PROBLEM:
All entries, exactly as written, should be output again.
Start of SUPPLIED DATA
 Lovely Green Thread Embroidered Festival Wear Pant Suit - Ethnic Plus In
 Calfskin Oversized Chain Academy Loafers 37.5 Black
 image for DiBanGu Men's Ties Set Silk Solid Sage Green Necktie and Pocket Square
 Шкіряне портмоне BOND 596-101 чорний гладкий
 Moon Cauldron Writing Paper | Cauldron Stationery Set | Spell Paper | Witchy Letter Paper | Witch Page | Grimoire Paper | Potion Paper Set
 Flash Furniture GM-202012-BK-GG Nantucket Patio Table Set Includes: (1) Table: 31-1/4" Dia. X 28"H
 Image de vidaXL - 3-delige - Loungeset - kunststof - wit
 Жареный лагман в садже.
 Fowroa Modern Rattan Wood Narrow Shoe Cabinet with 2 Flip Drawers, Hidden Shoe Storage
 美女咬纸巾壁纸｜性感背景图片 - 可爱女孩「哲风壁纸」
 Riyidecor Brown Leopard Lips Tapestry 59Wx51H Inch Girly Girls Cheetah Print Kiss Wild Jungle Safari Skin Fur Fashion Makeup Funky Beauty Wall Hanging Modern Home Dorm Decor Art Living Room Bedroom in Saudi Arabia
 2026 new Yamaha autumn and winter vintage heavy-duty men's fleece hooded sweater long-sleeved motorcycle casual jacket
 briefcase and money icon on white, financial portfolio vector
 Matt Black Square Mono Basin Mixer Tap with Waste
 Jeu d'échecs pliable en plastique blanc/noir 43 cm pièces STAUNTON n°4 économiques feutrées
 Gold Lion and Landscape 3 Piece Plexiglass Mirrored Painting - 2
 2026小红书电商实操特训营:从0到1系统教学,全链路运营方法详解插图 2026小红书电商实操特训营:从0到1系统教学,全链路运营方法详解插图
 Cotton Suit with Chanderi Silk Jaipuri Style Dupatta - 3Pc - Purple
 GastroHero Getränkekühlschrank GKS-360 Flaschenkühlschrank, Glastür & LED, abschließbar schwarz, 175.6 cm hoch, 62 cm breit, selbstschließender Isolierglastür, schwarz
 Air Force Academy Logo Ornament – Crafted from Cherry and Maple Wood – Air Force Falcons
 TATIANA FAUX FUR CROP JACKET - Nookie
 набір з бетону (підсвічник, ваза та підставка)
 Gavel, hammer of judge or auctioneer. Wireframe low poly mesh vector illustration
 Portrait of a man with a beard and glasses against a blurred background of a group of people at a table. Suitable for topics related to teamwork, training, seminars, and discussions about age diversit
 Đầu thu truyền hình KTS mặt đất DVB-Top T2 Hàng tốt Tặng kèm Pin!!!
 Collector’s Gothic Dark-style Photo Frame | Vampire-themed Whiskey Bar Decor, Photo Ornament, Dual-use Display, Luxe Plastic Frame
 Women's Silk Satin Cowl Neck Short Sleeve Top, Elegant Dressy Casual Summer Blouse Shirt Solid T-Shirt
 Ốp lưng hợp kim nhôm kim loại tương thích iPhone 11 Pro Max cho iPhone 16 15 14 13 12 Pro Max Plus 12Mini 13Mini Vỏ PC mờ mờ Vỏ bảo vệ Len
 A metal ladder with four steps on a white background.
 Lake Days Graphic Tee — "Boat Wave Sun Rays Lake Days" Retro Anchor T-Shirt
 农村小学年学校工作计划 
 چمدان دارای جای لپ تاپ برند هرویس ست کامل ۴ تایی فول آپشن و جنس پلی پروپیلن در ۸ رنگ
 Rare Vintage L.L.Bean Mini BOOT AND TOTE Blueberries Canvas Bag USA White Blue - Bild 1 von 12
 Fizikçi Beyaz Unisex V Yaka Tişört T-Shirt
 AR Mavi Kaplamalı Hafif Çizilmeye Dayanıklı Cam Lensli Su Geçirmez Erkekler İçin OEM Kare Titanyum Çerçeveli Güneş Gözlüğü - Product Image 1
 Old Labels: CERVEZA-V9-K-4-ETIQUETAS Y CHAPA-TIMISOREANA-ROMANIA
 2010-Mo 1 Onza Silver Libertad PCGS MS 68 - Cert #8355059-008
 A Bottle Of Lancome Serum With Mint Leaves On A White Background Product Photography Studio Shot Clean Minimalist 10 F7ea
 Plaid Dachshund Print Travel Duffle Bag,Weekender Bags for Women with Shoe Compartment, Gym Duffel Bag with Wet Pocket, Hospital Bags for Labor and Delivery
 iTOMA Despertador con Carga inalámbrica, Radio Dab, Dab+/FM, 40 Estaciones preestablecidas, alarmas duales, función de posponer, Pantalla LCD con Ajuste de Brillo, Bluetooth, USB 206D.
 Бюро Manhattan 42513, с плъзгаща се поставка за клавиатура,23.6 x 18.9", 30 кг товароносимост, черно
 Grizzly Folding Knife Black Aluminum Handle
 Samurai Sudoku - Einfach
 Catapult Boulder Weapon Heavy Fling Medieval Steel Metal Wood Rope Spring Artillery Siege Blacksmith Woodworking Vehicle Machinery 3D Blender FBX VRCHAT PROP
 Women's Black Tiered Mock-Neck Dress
End of SUPPLIED DATA
TASK SOLUTION:
 Lovely Green Thread Embroidered Festival Wear Pant Suit - Ethnic Plus In
 Calfskin Oversized Chain Academy Loafers 37.5 Black
 image for DiBanGu Men's Ties Set Silk Solid Sage Green Necktie and Pocket Square
 Шкіряне портмоне BOND 596-101 чорний гладкий
 Moon Cauldron Writing Paper | Cauldron Stationery Set | Spell Paper | Witchy Letter Paper | Witch Page | Grimoire Paper | Potion Paper Set
 Flash Furniture GM-202012-BK-GG Nantucket Patio Table Set Includes: (1) Table: 31-1/4" Dia. X 28"H
 Image de vidaXL - 3-delige - Loungeset - kunststof - wit
 Жареный лагман в садже.
 Fowroa Modern Rattan Wood Narrow Shoe Cabinet with 2 Flip Drawers, Hidden Shoe Storage
 美女咬纸巾壁纸｜性感背景图片 - 可爱女孩「哲风壁纸」
 Riyidecor Brown Leopard Lips Tapestry 59Wx51H Inch Girly Girls Cheetah Print Kiss Wild Jungle Safari Skin Fur Fashion Makeup Funky Beauty Wall Hanging Modern Home Dorm Decor Art Living Room Bedroom in Saudi Arabia
 2026 new Yamaha autumn and winter vintage heavy-duty men's fleece hooded sweater long-sleeved motorcycle casual jacket
 briefcase and money icon on white, financial portfolio vector
 Matt Black Square Mono Basin Mixer Tap with Waste
 Jeu d'échecs pliable en plastique blanc/noir 43 cm pièces STAUNTON n°4 économiques feutrées
 Gold Lion and Landscape 3 Piece Plexiglass Mirrored Painting - 2
 2026小红书电商实操特训营:从0到1系统教学,全链路运营方法详解插图 2026小红书电商实操特训营:从0到1系统教学,全链路运营方法详解插图
 Cotton Suit with Chanderi Silk Jaipuri Style Dupatta - 3Pc - Purple
 GastroHero Getränkekühlschrank GKS-360 Flaschenkühlschrank, Glastür & LED, abschließbar schwarz, 175.6 cm hoch, 62 cm breit, selbstschließender Isolierglastür, schwarz
 Air Force Academy Logo Ornament – Crafted from Cherry and Maple Wood – Air Force Falcons
 TATIANA FAUX FUR CROP JACKET - Nookie
 набір з бетону (підсвічник, ваза та підставка)
 Gavel, hammer of judge or auctioneer. Wireframe low poly mesh vector illustration
 Portrait of a man with a beard and glasses against a blurred background of a group of people at a table. Suitable for topics related to teamwork, training, seminars, and discussions about age diversit
 Đầu thu truyền hình KTS mặt đất DVB-Top T2 Hàng tốt Tặng kèm Pin!!!
 Collector’s Gothic Dark-style Photo Frame | Vampire-themed Whiskey Bar Decor, Photo Ornament, Dual-use Display, Luxe Plastic Frame
 Women's Silk Satin Cowl Neck Short Sleeve Top, Elegant Dressy Casual Summer Blouse Shirt Solid T-Shirt
 Ốp lưng hợp kim nhôm kim loại tương thích iPhone 11 Pro Max cho iPhone 16 15 14 13 12 Pro Max Plus 12Mini 13Mini Vỏ PC mờ mờ Vỏ bảo vệ Len
 A metal ladder with four steps on a white background.
 Lake Days Graphic Tee — "Boat Wave Sun Rays Lake Days" Retro Anchor T-Shirt
 农村小学年学校工作计划 
 چمدان دارای جای لپ تاپ برند هرویس ست کامل ۴ تایی فول آپشن و جنس پلی پروپیلن در ۸ رنگ
 Rare Vintage L.L.Bean Mini BOOT AND TOTE Blueberries Canvas Bag USA White Blue - Bild 1 von 12
 Fizikçi Beyaz Unisex V Yaka Tişört T-Shirt
 AR Mavi Kaplamalı Hafif Çizilmeye Dayanıklı Cam Lensli Su Geçirmez Erkekler İçin OEM Kare Titanyum Çerçeveli Güneş Gözlüğü - Product Image 1
 Old Labels: CERVEZA-V9-K-4-ETIQUETAS Y CHAPA-TIMISOREANA-ROMANIA
 2010-Mo 1 Onza Silver Libertad PCGS MS 68 - Cert #8355059-008
 A Bottle Of Lancome Serum With Mint Leaves On A White Background Product Photography Studio Shot Clean Minimalist 10 F7ea
 Plaid Dachshund Print Travel Duffle Bag,Weekender Bags for Women with Shoe Compartment, Gym Duffel Bag with Wet Pocket, Hospital Bags for Labor and Delivery
 iTOMA Despertador con Carga inalámbrica, Radio Dab, Dab+/FM, 40 Estaciones preestablecidas, alarmas duales, función de posponer, Pantalla LCD con Ajuste de Brillo, Bluetooth, USB 206D.
 Бюро Manhattan 42513, с плъзгаща се поставка за клавиатура,23.6 x 18.9", 30 кг товароносимост, черно
 Grizzly Folding Knife Black Aluminum Handle
 Samurai Sudoku - Einfach
 Catapult Boulder Weapon Heavy Fling Medieval Steel Metal Wood Rope Spring Artillery Siege Blacksmith Woodworking Vehicle Machinery 3D Blender FBX VRCHAT PROP
 Women's Black Tiered Mock-Neck Dress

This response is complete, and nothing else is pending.